Signed-off-by: Mark Harris <mharris@nvidia.com> Made-with: Cursor

blackencino

LGTM, Ship it!

Looking specifically at the actual de-duplication, every part of what exists in the C++ there could have been done as a torch python operation. Is there a specific reason this needed to be compiled?

harrism · 2026-03-03T20:48:10Z

Looking specifically at the actual de-duplication, every part of what exists in the C++ there could have been done as a torch python operation. Is there a specific reason this needed to be compiled?

No reason other than that the current implementation is all C++. The original proposal was a much more complicated approach that used custom kernels. Performance may be lower in Python, naturally, but I don't think this operation will be a bottleneck.

swahtz

Looks great I just had a few potential optimization suggestions since these will get called on every rendering iteration.

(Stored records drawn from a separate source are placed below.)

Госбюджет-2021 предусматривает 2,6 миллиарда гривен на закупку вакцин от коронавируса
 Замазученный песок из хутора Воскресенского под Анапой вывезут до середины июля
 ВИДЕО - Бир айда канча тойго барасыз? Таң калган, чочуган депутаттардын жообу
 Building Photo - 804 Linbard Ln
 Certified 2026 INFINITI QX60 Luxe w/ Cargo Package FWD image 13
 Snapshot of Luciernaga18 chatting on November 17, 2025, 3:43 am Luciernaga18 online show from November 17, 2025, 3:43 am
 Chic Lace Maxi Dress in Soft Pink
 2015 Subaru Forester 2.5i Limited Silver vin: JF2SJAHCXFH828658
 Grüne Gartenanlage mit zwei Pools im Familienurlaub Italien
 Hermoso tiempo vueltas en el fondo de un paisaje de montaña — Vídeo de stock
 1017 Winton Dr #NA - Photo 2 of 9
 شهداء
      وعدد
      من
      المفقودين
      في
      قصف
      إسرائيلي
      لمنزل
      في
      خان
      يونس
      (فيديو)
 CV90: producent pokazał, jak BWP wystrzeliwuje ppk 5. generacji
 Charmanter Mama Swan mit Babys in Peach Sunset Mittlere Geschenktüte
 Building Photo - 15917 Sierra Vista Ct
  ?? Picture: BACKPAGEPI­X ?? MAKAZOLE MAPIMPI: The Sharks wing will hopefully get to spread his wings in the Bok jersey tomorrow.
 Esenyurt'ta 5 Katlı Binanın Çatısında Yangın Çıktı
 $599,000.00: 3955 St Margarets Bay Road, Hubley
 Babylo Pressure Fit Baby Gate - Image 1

I was also wondering for the unit tests if it would be worth having a test where all pixels in each batch are duplicates or perhaps that's redundant with the tests were just some pixels are duplicates.

Use torch::bincount instead of zeros+scatter_add_ for counting unique pixels per batch, and reuse uniqueBatchIdx directly as the new jidx instead of round-tripping through jidx_from_joffsets. Co-authored-by: swahtz <2375296+swahtz@users.noreply.github.com> Signed-off-by: Mark Harris <mharris@nvidia.com> Made-with: Cursor

cumsum on a bool tensor already returns int64, so the explicit cast allocated an unnecessary temporary. Also update the docstring to describe the actual sort-based dedup rather than torch::unique. Signed-off-by: Mark Harris <mharris@nvidia.com> Made-with: Cursor

Test the maximum-compression case where every batch collapses to a single unique pixel, verifying offsets and inverse indices are correct. Co-authored-by: swahtz <2375296+swahtz@users.noreply.github.com> Signed-off-by: Mark Harris <mharris@nvidia.com> Made-with: Cursor

harrism · 2026-03-03T22:59:49Z

Great suggestions @swahtz . Implemented your two optimizations and found one other and a stale comment. Also added your suggested maximum compression test case.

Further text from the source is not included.